11:01 am - Canning 2009.5 - Tomatoes!
The same day that I picked up the pears from the Craigslist lady, I also went to a U-pick place to get tomatoes (Karam Farms down near Oregon City). They sent me out into the fields with two 5-gallon buckets and I picked "Early Girl" tomatoes. There were BILLIONS of tomatoes out there, but many of them were already very bruised or rotten, so the picking took a little while. Not too bad, though.

Two 5-gallon buckets of tomatoes turns out to be roughly 50 pounds of tomatoes. Saying "50 pounds of tomatoes" sounds way larger than they looked in their buckets... but 50 pounds of tomatoes is a CRAPLOAD of tomatoes to can.

I couldn't get to the tomatoes on pear-canning day, then I had to work all of Tuesday.
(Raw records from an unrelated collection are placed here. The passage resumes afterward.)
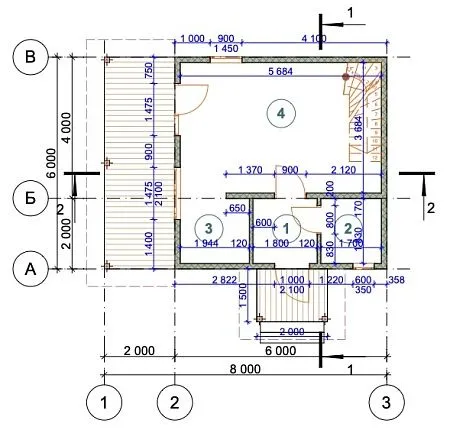 Проект каркасного дома Селена 72 м2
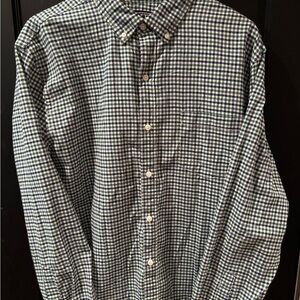 Rye by Hawker Rye Classic Green and Blue Checkered Gingham Men's Shirt XL Short
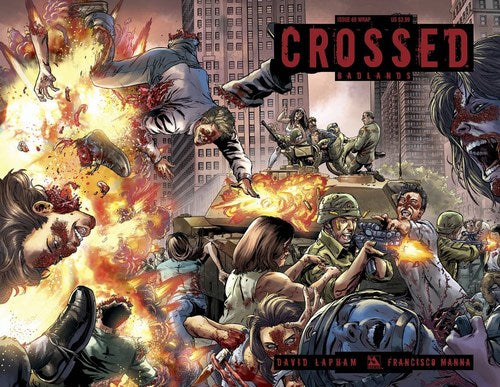 Crossed Badlands (2012) #69 (Wrap Cover)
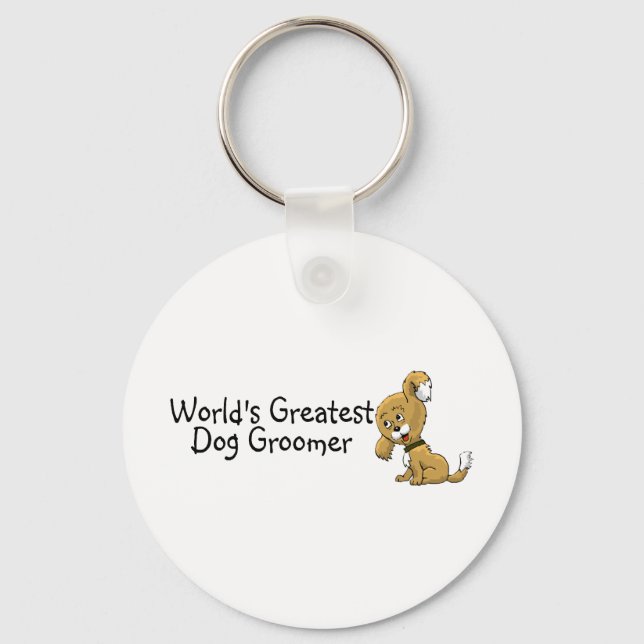 Weltbester Hund Groomer Schlüsselanhänger (Vorderseite)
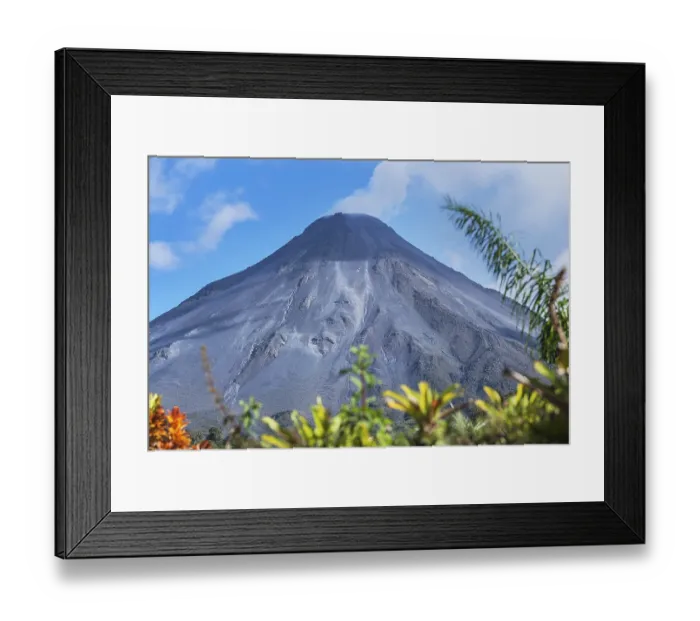 Framed Print : Arenal volcano, La Fortuna, Alajuela Province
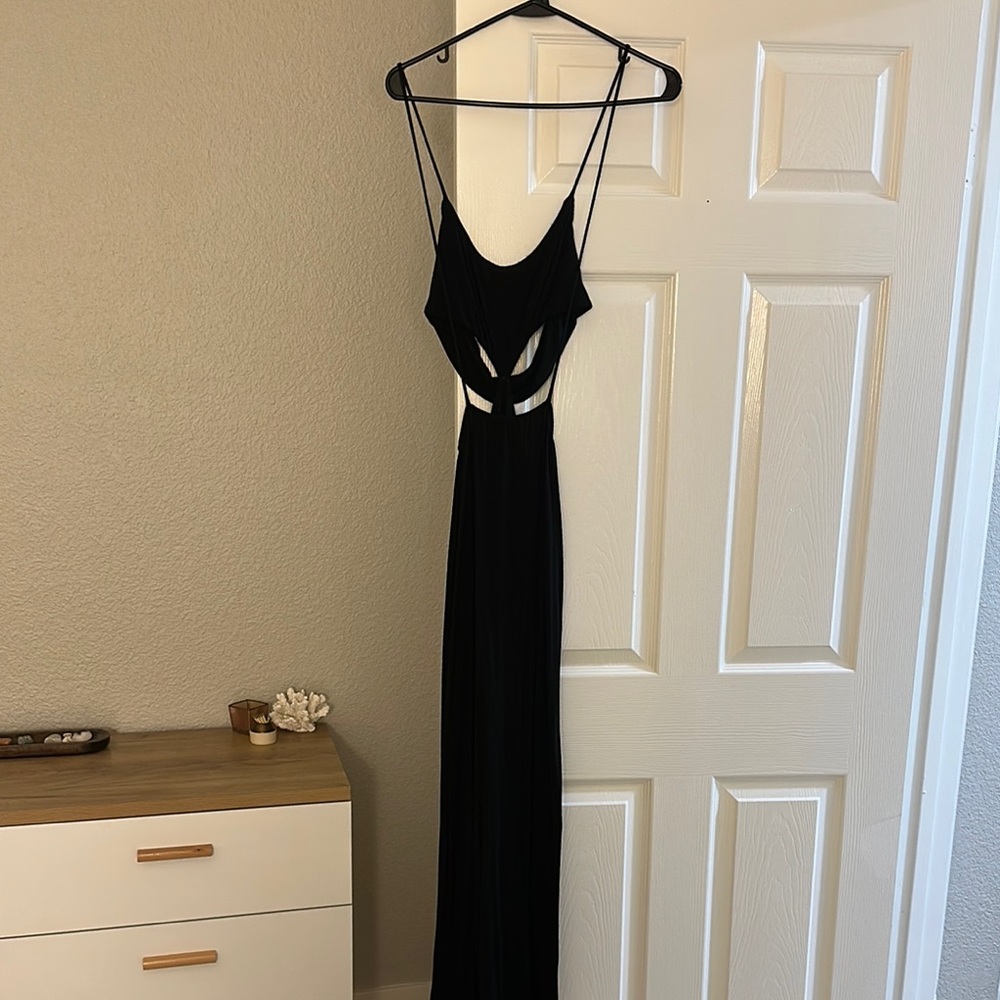 Black Maxi Dress with Cutouts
Tomatoes got canned on Wednesday. They were slightly the worse for being stored for two days, but we put them down in our basement storage area (wrapped in garbage bags) and they came through ok.

Here's what I ended up canning:

1. Quartered tomatoes packed in juice: This recipe was taken from online and sort of combined with the recipe in my Ball canning book. Basically, the tomatoes were peeled by dipping into boiling water, then quartered and cored. About 1/6 of them were mashed in a pot and brought to a boil, then the rest of the quarters were added and boiled for 5 minutes. Then they were packed into jars. The recipe called for 10lbs of tomatoes (I started with about 11 because some of them had bad spots that I needed to cut off) and produced 4 pints of canned tomatoes.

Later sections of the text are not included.